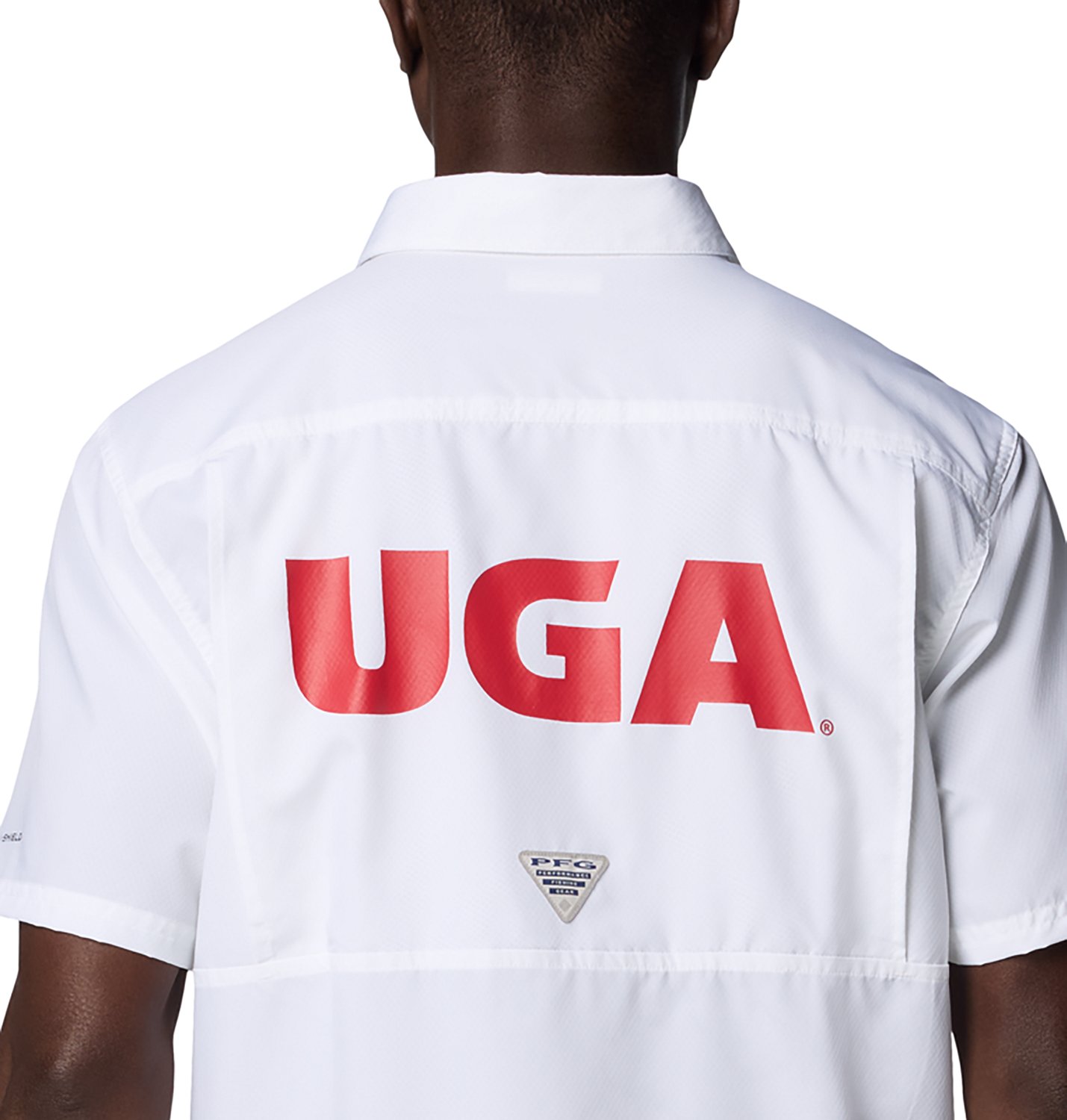 Columbia Georgia Bulldogs PFG Slack Tide Omni-Shade Button-Up Camp Shirt                                                         - view number 5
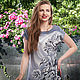 Copy of Silk Dress in Silver and Grey (Batic hand painted), Dresses, Moscow,  Фото №1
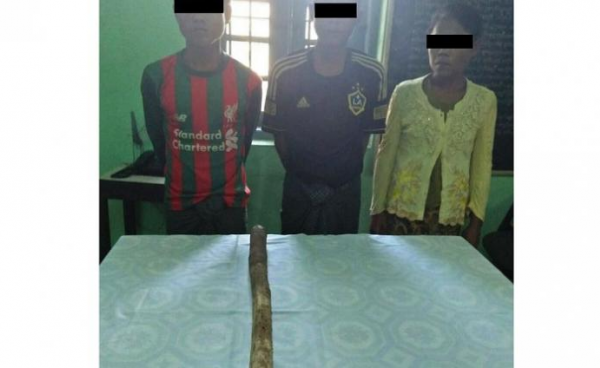Three migrant workers who have been arrested for murder (Photo: TB ZT Facebook)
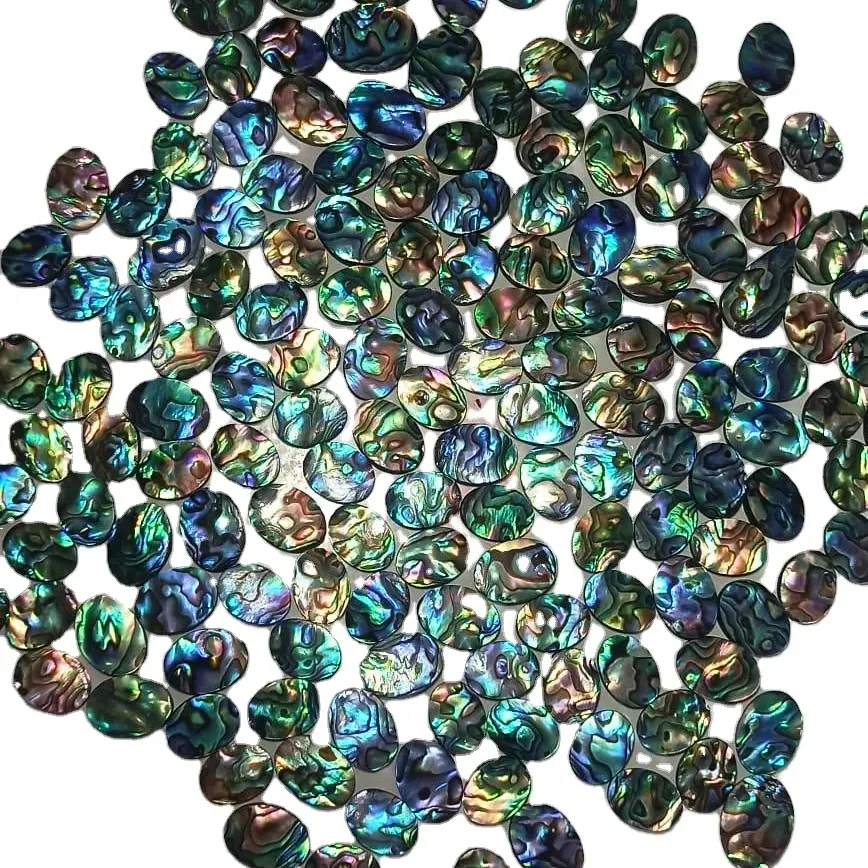 Abalone kabuk mücevher taşları yapımı doğal Cabochon gevşek taş hindistan satıcı üst taşlar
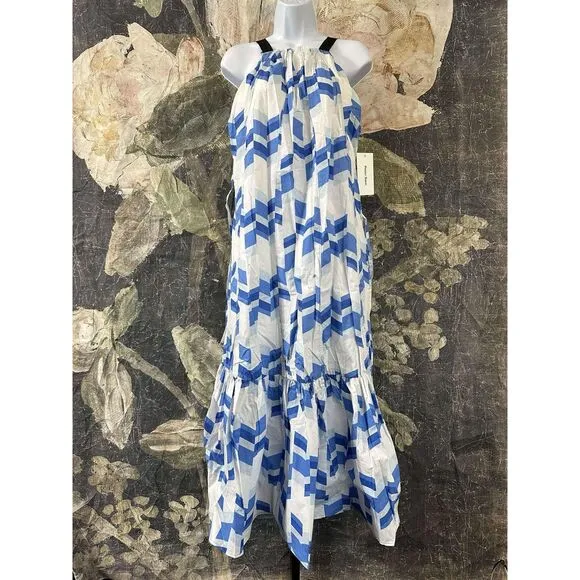 NWT Peter Som for Anthropologie Larissa Tiered Maxi Dress Size XS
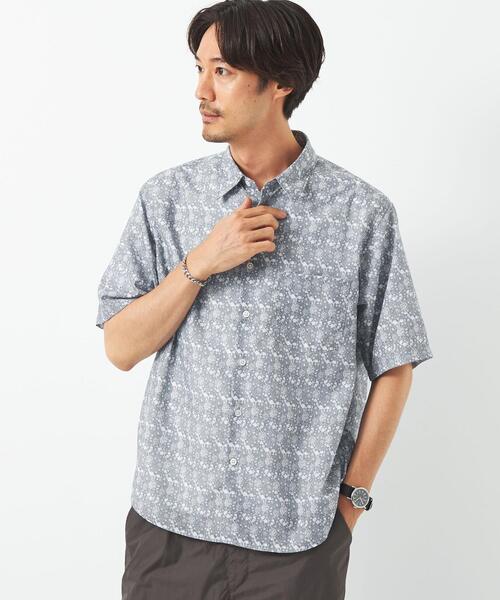 green label relaxing（グリーンレーベルリラクシング）の「William Morris ジャストルーズ レギュラーカラー シャツ（シャツ/ブラウス・メンズ・グレー/オリーブ/ライトブルー・S/L/XL/M）」の2枚目の写真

+---+

### Assignment
In your copy, include no pictures and only the lines from the line with "Abalone kabuk mücevher" through the final line of the listing above, reproduced exactly.

### Solution below
 Abalone kabuk mücevher taşları yapımı doğal Cabochon gevşek taş hindistan satıcı üst taşlar
 NWT Peter Som for Anthropologie Larissa Tiered Maxi Dress Size XS
 green label relaxing（グリーンレーベルリラクシング）の「William Morris ジャストルーズ レギュラーカラー シャツ（シャツ/ブラウス・メンズ・グレー/オリーブ/ライトブルー・S/L/XL/M）」の2枚目の写真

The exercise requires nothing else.